According to project implementers, the programme targets more than 15,000 farming households across Unguja and Pemba islands, most of them women and youth, with a goal of increasing average incomes by 40 per cent by 2028.

Women are also being trained in financial literacy, cooperative governance, and entrepreneurship to strengthen their ability to access markets and negotiate fair prices.

These interventions come as seaweed farming faces mounting challenges from climate change, rising sea temperatures, and declining global prices, which have made traditional farming methods less viable.

By providing boats, ropes, buoys, and cold storage facilities, the programme seeks to stabilize production while building community capacity for innovation and resilience.

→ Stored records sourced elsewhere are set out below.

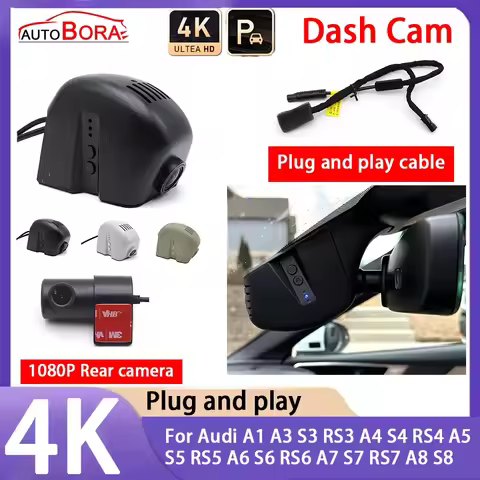 4K 2160P Plug and Play UHD Dash Cam Camera Night Vision for Audi A1 A3 S3 RS3 A4 S4 RS4 A5 S5 RS5 A6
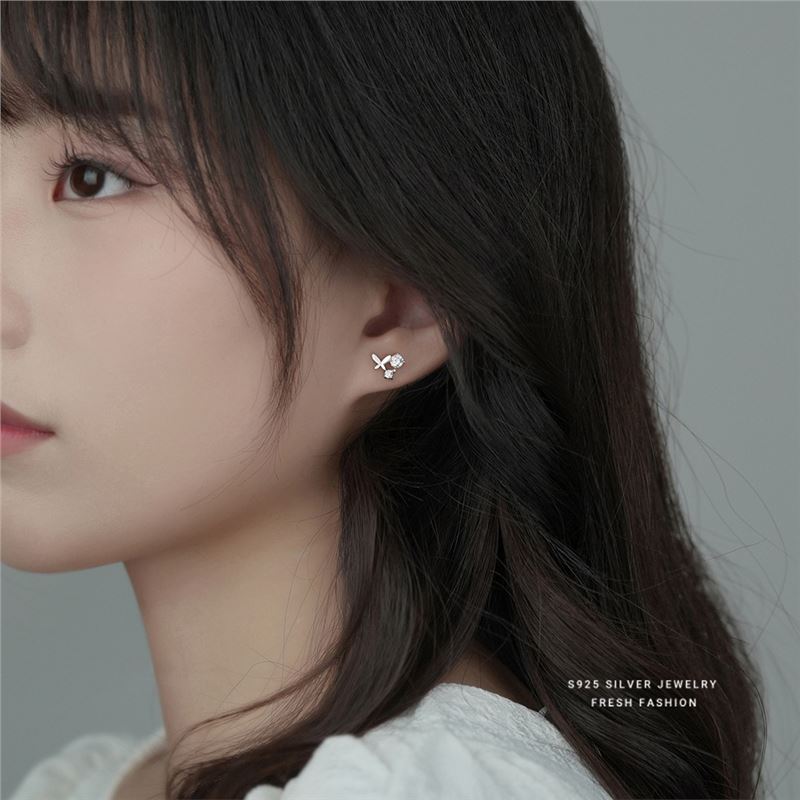 Butterfly Zircon Stud Earrings For Women Elegant Silver Jewellery_voghion.com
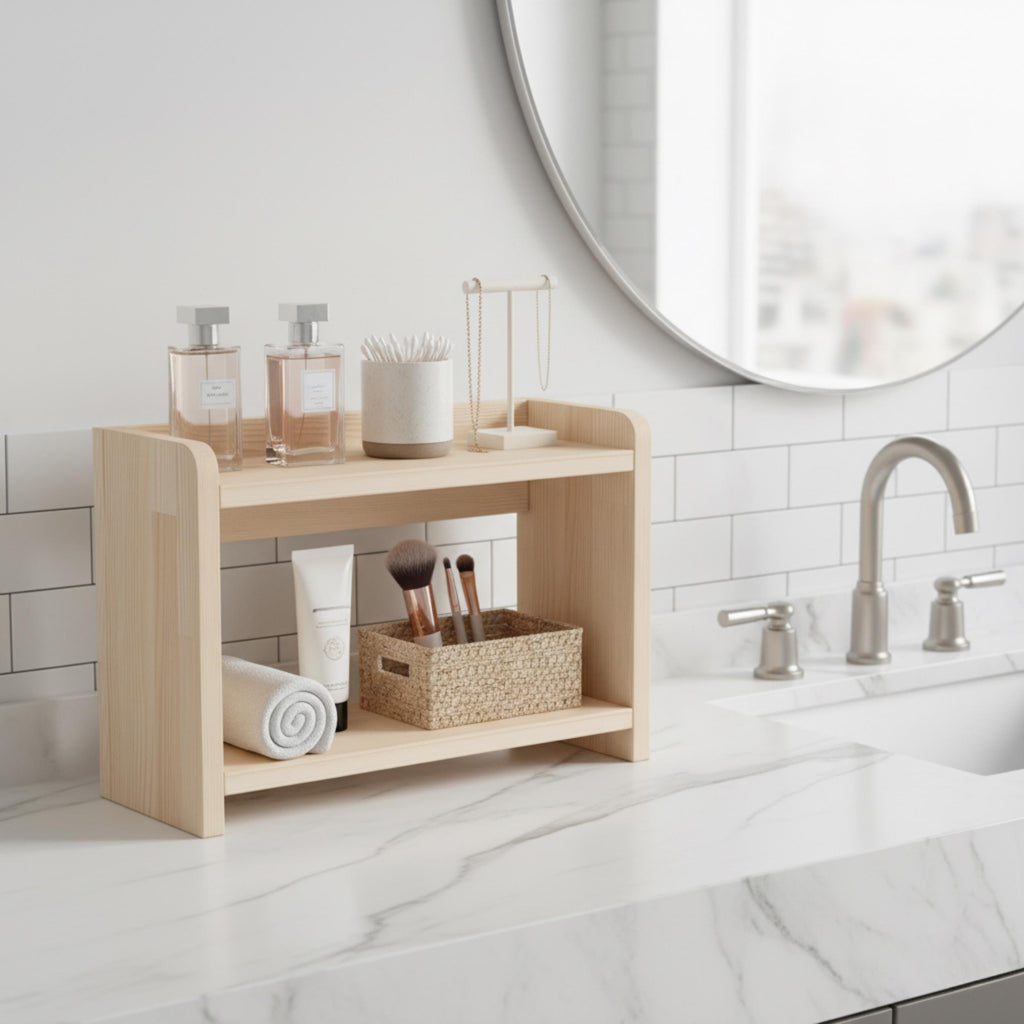 Ahşap Sergileme Rafı & Kitaplık | Japandi Tarzı Bitki Standı | Minimalist Masif Çam Raf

A recent UN Sustainable Development Group report released late last month highlighted the seaweed sector as a key example of how gender-responsive and locally led adaptation can accelerate progress toward the Sustainable Development Goals (SDGs).

The report emphasised that empowering women within the blue economy not only enhances economic participation but also strengthens food security, biodiversity conservation, and social inclusion.

In Zanzibar, seaweed income has allowed many women to educate their children, invest in housing, and start small retail or food enterprises, contributing to gradual shifts in traditional gender roles.

Still, challenges persist, as only about 1 per cent of Tanzania’s harvested seaweed is processed domestically, meaning most of the value is captured abroad through exports of raw materials.

Global demand fluctuations and inconsistent quality standards also affect farmers’ earnings, while limited access to credit and infrastructure hinders local value addition.

“Women’s traditional ecological knowledge matters,” said Namondo, noting that their deep understanding of tidal patterns and marine conditions provides vital insight for adapting to climate stress.

By integrating traditional knowledge with scientific innovation, the initiative aims to create sustainable aquaculture systems that protect marine ecosystems while improving livelihoods.

The UN programme aligns with Tanzania’s national development agenda, which seeks to diversify coastal economies and enhance resilience to climate impacts under the blue economy framework.

It also supports the government’s efforts to develop seaweed processing industries that can generate jobs, increase export earnings, and reduce poverty in coastal regions.

The report described the Tanzanian seaweed initiative as an example of locally driven, climate-resilient pathways toward the SDGs underscoring the power of community-led innovation in achieving sustainable development.

“If these efforts continue to gain traction, Tanzania’s women seaweed farmers could become a model for inclusive growth—demonstrating how empowering women in coastal livelihoods can drive both economic transformation and environmental stewardship,” stated the report in part.